___ TASK INPUT ___
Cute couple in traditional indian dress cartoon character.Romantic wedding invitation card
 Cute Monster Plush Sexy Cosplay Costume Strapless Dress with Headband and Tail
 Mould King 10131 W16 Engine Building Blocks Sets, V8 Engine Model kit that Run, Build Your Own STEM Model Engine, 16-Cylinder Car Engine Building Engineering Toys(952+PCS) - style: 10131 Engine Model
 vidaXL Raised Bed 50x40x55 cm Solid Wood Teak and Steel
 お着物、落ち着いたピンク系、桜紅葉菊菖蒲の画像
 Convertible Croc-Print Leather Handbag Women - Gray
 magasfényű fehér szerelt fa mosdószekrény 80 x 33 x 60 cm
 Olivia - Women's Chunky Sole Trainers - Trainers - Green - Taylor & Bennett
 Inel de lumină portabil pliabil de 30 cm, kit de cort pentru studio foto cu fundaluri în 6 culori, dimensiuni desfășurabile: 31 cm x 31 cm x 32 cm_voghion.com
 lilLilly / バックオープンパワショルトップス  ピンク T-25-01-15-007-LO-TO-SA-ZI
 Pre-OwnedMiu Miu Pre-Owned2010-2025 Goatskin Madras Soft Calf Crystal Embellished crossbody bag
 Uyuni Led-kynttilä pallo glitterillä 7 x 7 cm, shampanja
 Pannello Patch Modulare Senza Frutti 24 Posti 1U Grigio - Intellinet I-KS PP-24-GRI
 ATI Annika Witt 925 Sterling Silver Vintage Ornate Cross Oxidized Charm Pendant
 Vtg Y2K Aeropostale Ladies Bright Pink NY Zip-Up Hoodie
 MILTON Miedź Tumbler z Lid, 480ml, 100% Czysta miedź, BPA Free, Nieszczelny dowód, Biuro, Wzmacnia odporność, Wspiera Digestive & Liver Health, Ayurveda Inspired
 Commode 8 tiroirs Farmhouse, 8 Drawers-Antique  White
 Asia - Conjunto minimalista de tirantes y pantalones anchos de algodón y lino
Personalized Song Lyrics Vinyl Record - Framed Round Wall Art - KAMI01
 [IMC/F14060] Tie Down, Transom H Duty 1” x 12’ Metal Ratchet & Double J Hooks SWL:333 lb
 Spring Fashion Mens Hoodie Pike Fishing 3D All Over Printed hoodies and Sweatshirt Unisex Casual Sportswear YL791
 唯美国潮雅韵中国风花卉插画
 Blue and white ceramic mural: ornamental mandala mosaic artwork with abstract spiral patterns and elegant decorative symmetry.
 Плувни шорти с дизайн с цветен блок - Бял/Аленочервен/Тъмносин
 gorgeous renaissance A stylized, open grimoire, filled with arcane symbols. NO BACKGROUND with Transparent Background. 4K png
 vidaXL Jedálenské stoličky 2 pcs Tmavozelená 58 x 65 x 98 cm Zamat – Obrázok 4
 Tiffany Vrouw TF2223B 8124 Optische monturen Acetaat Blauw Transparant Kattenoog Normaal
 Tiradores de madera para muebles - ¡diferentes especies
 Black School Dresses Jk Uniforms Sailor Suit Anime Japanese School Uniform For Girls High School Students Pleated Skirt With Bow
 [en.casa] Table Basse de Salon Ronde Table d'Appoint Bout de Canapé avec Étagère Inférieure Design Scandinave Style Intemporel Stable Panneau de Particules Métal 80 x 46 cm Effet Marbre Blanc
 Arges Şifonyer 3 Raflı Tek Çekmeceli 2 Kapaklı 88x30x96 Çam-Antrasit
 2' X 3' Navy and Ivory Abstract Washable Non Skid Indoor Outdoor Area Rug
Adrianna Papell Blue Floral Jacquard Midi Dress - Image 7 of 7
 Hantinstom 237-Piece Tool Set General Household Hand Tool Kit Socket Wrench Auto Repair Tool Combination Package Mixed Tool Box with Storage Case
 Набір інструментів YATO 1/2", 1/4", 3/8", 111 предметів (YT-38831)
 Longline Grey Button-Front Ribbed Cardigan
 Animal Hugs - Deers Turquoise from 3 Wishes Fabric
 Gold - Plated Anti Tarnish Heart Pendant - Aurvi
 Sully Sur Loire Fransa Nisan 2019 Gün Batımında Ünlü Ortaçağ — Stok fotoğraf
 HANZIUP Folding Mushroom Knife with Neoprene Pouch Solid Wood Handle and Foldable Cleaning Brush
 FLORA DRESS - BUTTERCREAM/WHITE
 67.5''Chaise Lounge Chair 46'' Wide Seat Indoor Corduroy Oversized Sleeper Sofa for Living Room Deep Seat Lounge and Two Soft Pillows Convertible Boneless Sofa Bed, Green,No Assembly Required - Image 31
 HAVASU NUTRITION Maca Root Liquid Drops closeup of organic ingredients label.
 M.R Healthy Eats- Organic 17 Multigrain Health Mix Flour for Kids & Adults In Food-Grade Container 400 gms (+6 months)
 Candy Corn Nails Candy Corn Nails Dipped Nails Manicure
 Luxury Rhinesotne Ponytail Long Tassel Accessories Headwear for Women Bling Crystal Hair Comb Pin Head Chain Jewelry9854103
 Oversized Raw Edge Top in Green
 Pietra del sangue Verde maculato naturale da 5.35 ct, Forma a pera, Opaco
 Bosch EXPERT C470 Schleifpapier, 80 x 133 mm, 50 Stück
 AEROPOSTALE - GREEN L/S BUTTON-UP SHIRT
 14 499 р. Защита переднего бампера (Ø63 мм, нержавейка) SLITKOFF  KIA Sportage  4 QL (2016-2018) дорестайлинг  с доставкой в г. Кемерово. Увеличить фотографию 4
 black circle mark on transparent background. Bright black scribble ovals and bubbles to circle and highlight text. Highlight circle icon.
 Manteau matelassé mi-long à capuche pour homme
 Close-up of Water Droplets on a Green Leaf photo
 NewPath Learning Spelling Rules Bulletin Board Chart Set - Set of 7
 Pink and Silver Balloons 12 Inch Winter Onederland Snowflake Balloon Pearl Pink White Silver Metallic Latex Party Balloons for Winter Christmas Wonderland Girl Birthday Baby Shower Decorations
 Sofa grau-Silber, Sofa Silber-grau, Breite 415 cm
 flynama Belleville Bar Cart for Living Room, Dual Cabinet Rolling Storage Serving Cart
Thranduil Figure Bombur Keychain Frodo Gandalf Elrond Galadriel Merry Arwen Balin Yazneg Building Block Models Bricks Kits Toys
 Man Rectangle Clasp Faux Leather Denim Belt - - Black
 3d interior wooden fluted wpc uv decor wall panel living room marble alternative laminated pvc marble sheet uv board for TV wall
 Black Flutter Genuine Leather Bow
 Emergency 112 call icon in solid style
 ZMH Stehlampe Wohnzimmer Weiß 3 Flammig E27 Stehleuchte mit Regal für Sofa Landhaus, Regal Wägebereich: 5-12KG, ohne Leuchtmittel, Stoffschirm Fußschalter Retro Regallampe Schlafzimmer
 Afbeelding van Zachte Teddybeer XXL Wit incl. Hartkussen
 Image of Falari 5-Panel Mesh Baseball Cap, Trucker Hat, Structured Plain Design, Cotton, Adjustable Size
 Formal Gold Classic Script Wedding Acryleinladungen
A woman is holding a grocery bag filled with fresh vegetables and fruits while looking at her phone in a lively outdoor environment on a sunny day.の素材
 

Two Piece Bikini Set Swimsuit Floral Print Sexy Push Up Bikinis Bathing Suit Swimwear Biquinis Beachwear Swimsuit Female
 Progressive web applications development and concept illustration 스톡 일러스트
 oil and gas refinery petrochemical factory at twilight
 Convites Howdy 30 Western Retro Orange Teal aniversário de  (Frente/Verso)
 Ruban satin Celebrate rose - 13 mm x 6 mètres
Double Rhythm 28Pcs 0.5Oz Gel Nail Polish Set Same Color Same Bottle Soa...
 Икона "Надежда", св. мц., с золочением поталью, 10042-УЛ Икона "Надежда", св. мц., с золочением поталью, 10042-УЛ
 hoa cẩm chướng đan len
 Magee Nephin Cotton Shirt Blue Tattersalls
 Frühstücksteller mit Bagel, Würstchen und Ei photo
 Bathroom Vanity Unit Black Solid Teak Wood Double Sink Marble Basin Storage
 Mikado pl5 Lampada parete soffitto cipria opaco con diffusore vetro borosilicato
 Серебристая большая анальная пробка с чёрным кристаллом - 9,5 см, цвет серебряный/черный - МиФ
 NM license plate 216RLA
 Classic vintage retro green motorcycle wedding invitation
___
▶ _WHAT TO WORK ON_
Please reply with an exact copy of the lines above, starting at the first and ending at the line that holds "Pannello Patch Modulare".

▶ _ANSWER BOX_
Cute couple in traditional indian dress cartoon character.Romantic wedding invitation card
 Cute Monster Plush Sexy Cosplay Costume Strapless Dress with Headband and Tail
 Mould King 10131 W16 Engine Building Blocks Sets, V8 Engine Model kit that Run, Build Your Own STEM Model Engine, 16-Cylinder Car Engine Building Engineering Toys(952+PCS) - style: 10131 Engine Model
 vidaXL Raised Bed 50x40x55 cm Solid Wood Teak and Steel
 お着物、落ち着いたピンク系、桜紅葉菊菖蒲の画像
 Convertible Croc-Print Leather Handbag Women - Gray
 magasfényű fehér szerelt fa mosdószekrény 80 x 33 x 60 cm
 Olivia - Women's Chunky Sole Trainers - Trainers - Green - Taylor & Bennett
 Inel de lumină portabil pliabil de 30 cm, kit de cort pentru studio foto cu fundaluri în 6 culori, dimensiuni desfășurabile: 31 cm x 31 cm x 32 cm_voghion.com
 lilLilly / バックオープンパワショルトップス  ピンク T-25-01-15-007-LO-TO-SA-ZI
 Pre-OwnedMiu Miu Pre-Owned2010-2025 Goatskin Madras Soft Calf Crystal Embellished crossbody bag
 Uyuni Led-kynttilä pallo glitterillä 7 x 7 cm, shampanja
 Pannello Patch Modulare Senza Frutti 24 Posti 1U Grigio - Intellinet I-KS PP-24-GRI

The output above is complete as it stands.